9.2.2021

Einkaufen kaum teurer geworden

Eine gute Nachricht von der Einkaufswagerlfront: Die Preise für Güter des täglichen Bedarfs – also Lebensmittel und Hygieneartikel – sind im Jahresvergleich kaum teurer oder sogar etwas billiger geworden. Das gilt sowohl für das untere Preissegment, als auch für Markenprodukte sowie den Einkauf im Internet.

In regelmäßigen Abständen analysieren unsere Konsumentenschützer die Preisentwicklung bei den Gütern des täglichen Bedarfs. Also angefangen von Lebensmitteln über Körperpflege- und Reinigungsartikel bis hin zu Baby- und Tiernahrung. Neben den bereits traditionellen Erhebungen eines Warenkorbs mit den jeweils günstigsten Produkten und eines so genannten Markenwarenkorbs, haben die AK-Konsumentenschützer aus aktuellem Anlass dieses Mal auch einen „Online-Warenkorb“ zusammengestellt und über mehrere Monate untersucht. Haben sich die Online-Bestellungen im Lebensmittelhandel durch die Corona-Pandemie doch stark erhöht.
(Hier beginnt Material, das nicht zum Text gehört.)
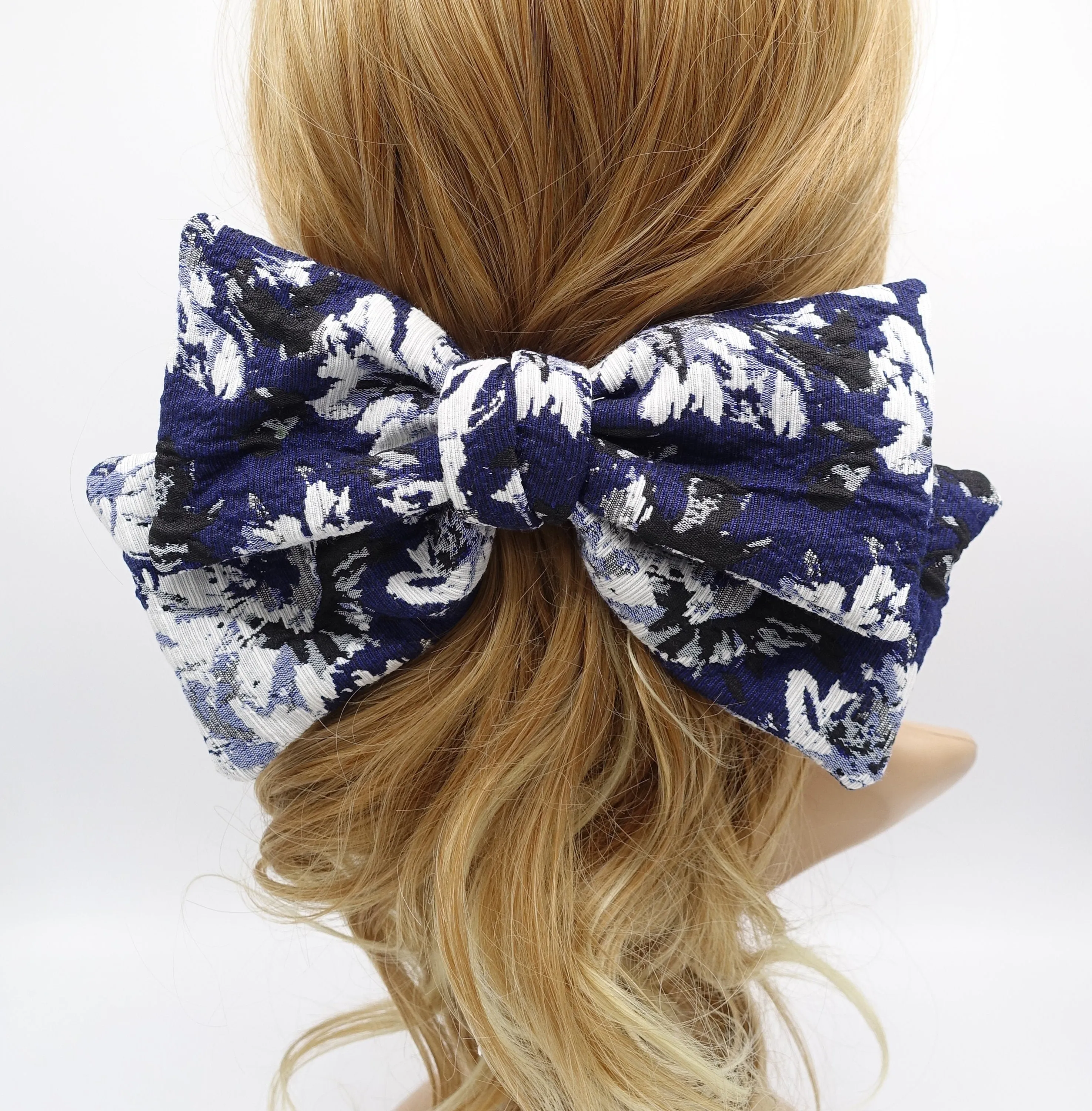 jacquard hair bow, floral hair bow for women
Die gute Nachricht gleich vorweg: Bei allen 3 erhobenen Warenkörben sind die Preise stabil geblieben – in Zeiten, in denen viele Haushalte und Familien durch Kurzarbeit oder Arbeitslosigkeit mit starken Einkommensverlusten zu kämpfen haben, zweifellos eine positive Nachricht.  

Günstige Produkte auf Tiefpreiskurs

Beim Warenkorb, der mit den jeweils günstigsten Produkten bestückt ist, ist die Preisentwicklung im Jahresvergleich (November 2019 – November 2020) sehr erfreulich: In diesem Zeitraum sind die Preise um durchschnittlich 2,4 Prozent gesunken.

Ausreißer nach oben und unten sind Tafeläpfel (im Schnitt um 74 Prozent teurer geworden) und TK-Spinat (durchschnittlich um 38 Prozent billiger geworden.)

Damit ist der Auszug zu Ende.